* **TASK STATEMENT**
Starting at the first line of the data, please print exactly those lines through the one that holds "In this video", omitting every picture.
─── DATA BLOCK
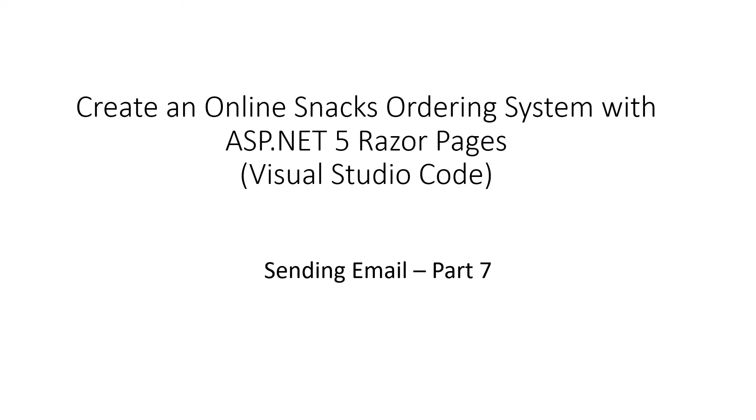In this part, which will be the last part of this playlist on snacks ordering system with ASP.NET 5 Razor Pages and Visual Studio Code, we'll be learning about how to send email. Let me show you first what we will be achieving today.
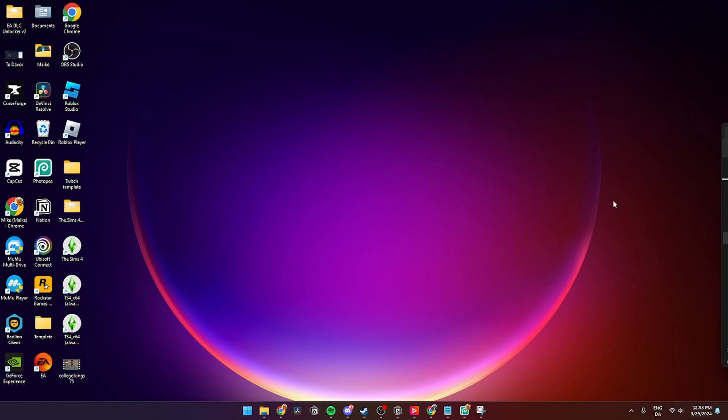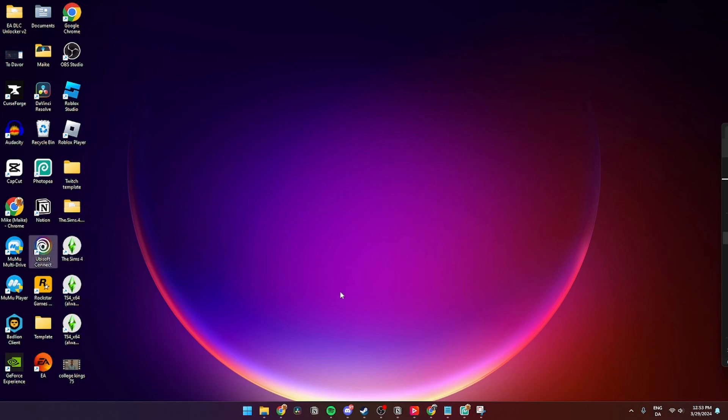In this video I'll be showing you how you can easily uninstall Ubisoft Connect from your PC. It is super simple and easy to do. The first thing you need to do is obviously have Ubisoft Connect downloaded.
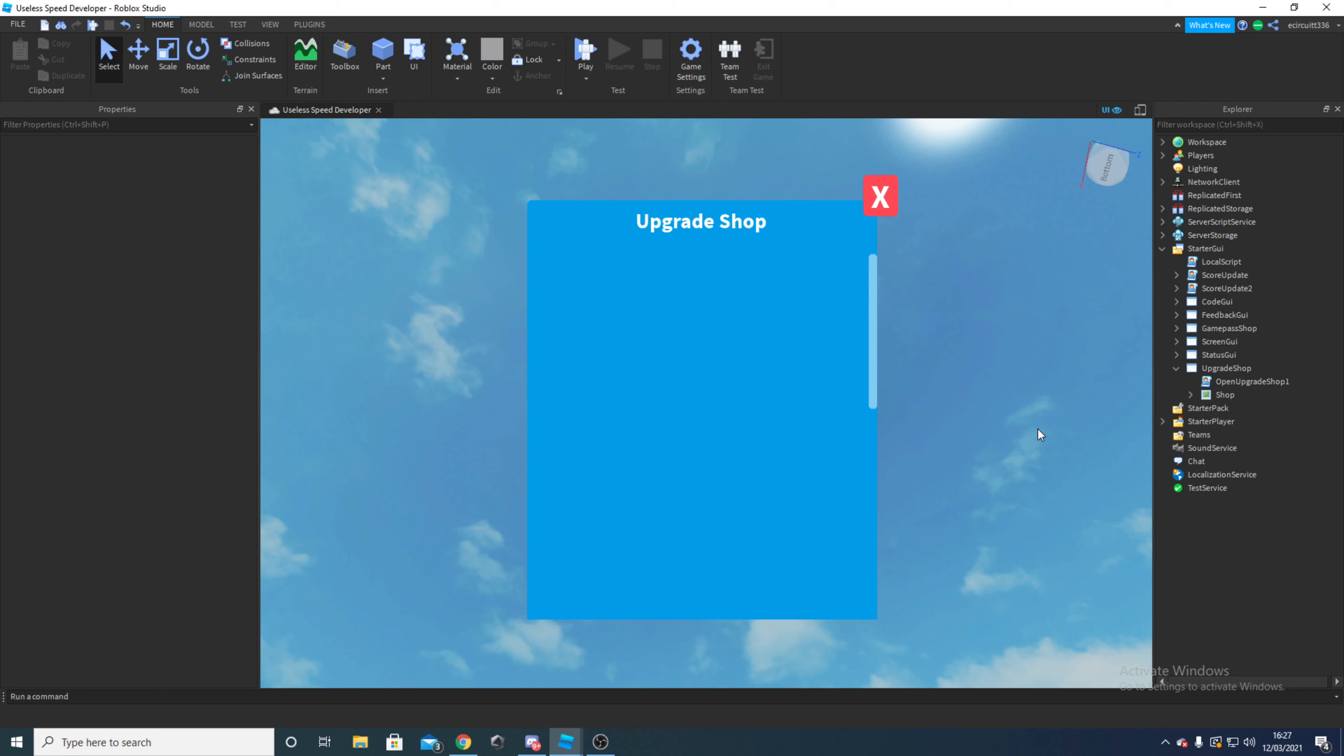Hey everyone, welcome to another Driple Studio video. In this one we're going to be working on redesigning our upgrade shop to be more compatible for upgrading to a better scroll frame, and by the end you'll have something that looks a little bit like this. Now let's get right into it.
──────
* **THE COMPLETED TASK**
In this part, which will be the last part of this playlist on snacks ordering system with ASP.NET 5 Razor Pages and Visual Studio Code, we'll be learning about how to send email. Let me show you first what we will be achieving today.
In this video I'll be showing you how you can easily uninstall Ubisoft Connect from your PC. It is super simple and easy to do. The first thing you need to do is obviously have Ubisoft Connect downloaded.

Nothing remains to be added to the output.